Lima kebijakan yang menjadi bahan “komplain resmi” AS ini tercantum dalam laporan tahunan National Trade Estimate (NTE) 2025 yang dirilis oleh Kantor Perwakilan Dagang AS (USTR). Berikut daftarnya:
1. Tarif Impor Barang Kiriman yang Terus Bergeser
AS menyoroti perubahan regulasi dalam Peraturan Menteri Keuangan (PMK) — dari PMK 199/2019 ke versi revisi PMK 96/2023. Mereka menilai, perubahan ini menyulitkan produk AS masuk ke pasar e-commerce Indonesia. Perubahan kecil, dampak besar.
2. Audit Pajak yang Dinilai “Membingungkan”
Proses audit oleh Direktorat Jenderal Pajak Indonesia dianggap tidak transparan dan terlalu kompleks. AS juga mencatat adanya denda administratif yang tinggi dan proses sengketa pajak yang lambat serta kurang preseden hukum. Birokrasi yang bikin pusing, katanya.
3. PPh Pasal 22: Bikin Waswas Pelaku Impor
PMK 41/2022 memperluas jenis barang impor yang dikenai PPh pasal 22. AS khawatir proses pengembalian kelebihan bayar akan memakan waktu bertahun-tahun. Klaim pajak yang “tersesat di labirin”.
4. Cukai Alkohol yang Lebih Tajam ke Impor
Cukai terhadap minuman beralkohol impor dinilai tidak seimbang. Untuk kadar alkohol 5–20%, cukai bisa 24% lebih tinggi daripada produk lokal. Kalau kadarnya di atas 20%, selisihnya bisa melonjak sampai 52%. AS menilai ini sebagai bentuk diskriminasi tarif.

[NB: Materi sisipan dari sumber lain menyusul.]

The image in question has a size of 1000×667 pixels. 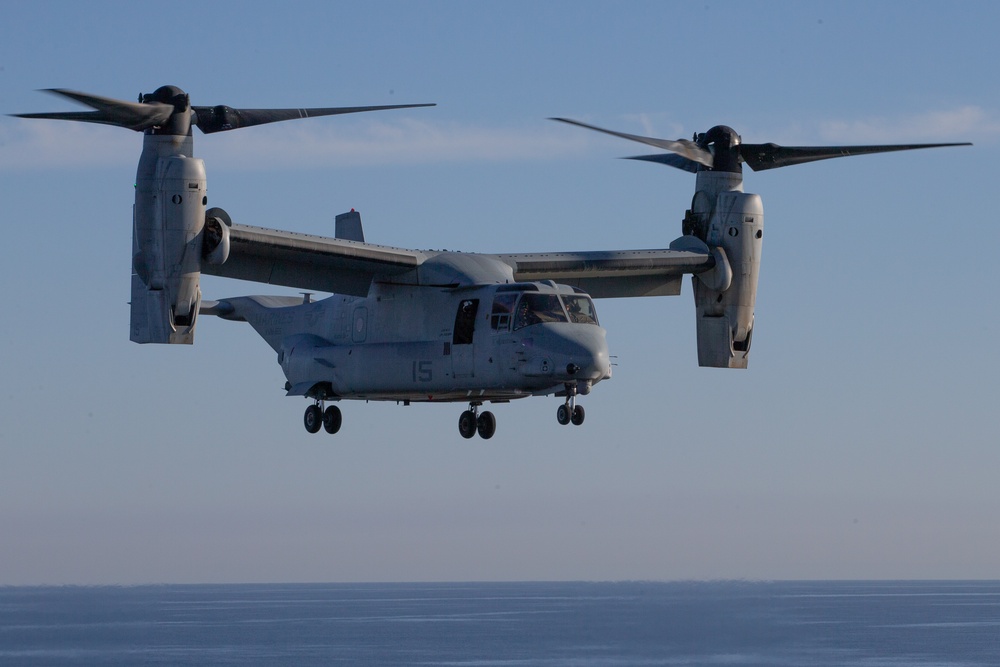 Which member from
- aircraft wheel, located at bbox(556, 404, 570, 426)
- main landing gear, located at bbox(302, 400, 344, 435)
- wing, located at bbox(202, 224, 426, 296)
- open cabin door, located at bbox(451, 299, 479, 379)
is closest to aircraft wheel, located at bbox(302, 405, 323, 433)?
main landing gear, located at bbox(302, 400, 344, 435)

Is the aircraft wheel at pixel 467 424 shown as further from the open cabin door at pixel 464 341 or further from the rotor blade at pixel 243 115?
the rotor blade at pixel 243 115

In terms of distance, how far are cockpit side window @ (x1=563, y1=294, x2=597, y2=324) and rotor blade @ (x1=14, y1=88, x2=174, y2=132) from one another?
8768 mm

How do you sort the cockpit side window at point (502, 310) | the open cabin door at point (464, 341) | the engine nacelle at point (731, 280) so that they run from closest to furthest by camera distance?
the cockpit side window at point (502, 310)
the open cabin door at point (464, 341)
the engine nacelle at point (731, 280)

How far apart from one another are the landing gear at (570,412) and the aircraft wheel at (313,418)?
7.83 m

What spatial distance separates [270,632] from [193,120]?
11365 cm

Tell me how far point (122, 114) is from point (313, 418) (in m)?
9.06

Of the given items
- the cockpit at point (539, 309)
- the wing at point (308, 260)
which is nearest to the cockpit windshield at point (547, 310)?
the cockpit at point (539, 309)

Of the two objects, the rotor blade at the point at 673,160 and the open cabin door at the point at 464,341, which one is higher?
the rotor blade at the point at 673,160

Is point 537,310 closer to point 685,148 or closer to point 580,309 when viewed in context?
point 580,309

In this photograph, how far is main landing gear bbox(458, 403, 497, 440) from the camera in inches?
1292

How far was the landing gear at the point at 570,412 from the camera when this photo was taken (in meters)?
28.2

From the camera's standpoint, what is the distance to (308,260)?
104 feet

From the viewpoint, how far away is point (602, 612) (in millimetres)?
168000

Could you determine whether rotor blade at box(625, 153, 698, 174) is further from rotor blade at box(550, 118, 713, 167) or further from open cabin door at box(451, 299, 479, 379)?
open cabin door at box(451, 299, 479, 379) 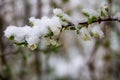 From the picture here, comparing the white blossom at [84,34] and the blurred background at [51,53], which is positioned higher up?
the blurred background at [51,53]

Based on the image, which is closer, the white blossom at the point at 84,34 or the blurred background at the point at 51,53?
the white blossom at the point at 84,34

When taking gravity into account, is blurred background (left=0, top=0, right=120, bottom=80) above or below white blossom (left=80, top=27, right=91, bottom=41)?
above

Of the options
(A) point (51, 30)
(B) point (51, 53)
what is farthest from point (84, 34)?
(B) point (51, 53)

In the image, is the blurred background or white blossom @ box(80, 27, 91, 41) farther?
the blurred background

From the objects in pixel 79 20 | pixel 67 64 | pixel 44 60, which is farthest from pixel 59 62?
pixel 79 20

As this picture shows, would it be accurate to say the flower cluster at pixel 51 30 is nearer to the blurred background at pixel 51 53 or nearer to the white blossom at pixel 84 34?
the white blossom at pixel 84 34

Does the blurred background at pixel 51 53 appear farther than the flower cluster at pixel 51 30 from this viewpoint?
Yes

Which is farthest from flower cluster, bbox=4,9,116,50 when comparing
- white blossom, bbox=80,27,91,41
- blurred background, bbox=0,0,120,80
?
blurred background, bbox=0,0,120,80

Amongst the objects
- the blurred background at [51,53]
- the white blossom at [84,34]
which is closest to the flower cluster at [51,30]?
the white blossom at [84,34]

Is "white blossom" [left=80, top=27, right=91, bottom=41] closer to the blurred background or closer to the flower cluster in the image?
the flower cluster

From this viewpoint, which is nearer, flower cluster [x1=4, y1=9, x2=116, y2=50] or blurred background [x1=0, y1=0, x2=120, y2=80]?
flower cluster [x1=4, y1=9, x2=116, y2=50] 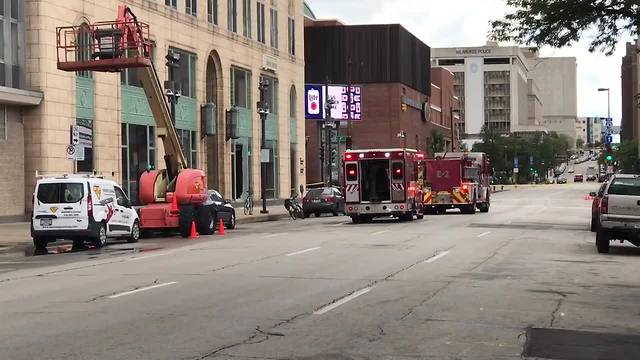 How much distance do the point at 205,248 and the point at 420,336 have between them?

5. Neraca Komoditas: Dari Strategis ke Segala Hal
Revisi Perpres Nomor 61 Tahun 2024 soal neraca komoditas juga jadi sorotan. Awalnya hanya mengatur lima komoditas penting, tapi kini diperluas ke 19 jenis produk. Bawang putih tahun 2025, apel dan jeruk menyusul di 2026. AS menilai lisensi impor makin ketat, dan makin luas.
Anindya menegaskan bahwa tudingan-tudingan ini perlu direspons dengan tenang namun tegas. “Indonesia perlu menunjukkan posisi resmi, lengkap dengan data dan argumen yang kuat. Kita tidak bisa hanya diam atau marah, harus cermat dan strategis,” katanya.
Ia juga menyebutkan bahwa Kadin siap membantu jalur diplomasi ekonomi, terutama lewat koneksi dengan US Chamber of Commerce dan AmCham Indonesia. “Kita tidak bisa reaktif, tapi juga tidak boleh pasif. Diplomasi yang terukur adalah kuncinya.”